** The records **
──────────
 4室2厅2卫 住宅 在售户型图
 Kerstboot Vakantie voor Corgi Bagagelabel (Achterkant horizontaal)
──────────
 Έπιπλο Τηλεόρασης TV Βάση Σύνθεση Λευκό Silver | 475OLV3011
──────────
** Problem to work on **
Taking the lines above, repeat exactly those from the line that contains "4室2厅2卫 住宅 在售户型图" through the line that contains "Kerstboot Vakantie voor", and both of those lines as well. Include nothing else.

** Task solution **
 4室2厅2卫 住宅 在售户型图
 Kerstboot Vakantie voor Corgi Bagagelabel (Achterkant horizontaal)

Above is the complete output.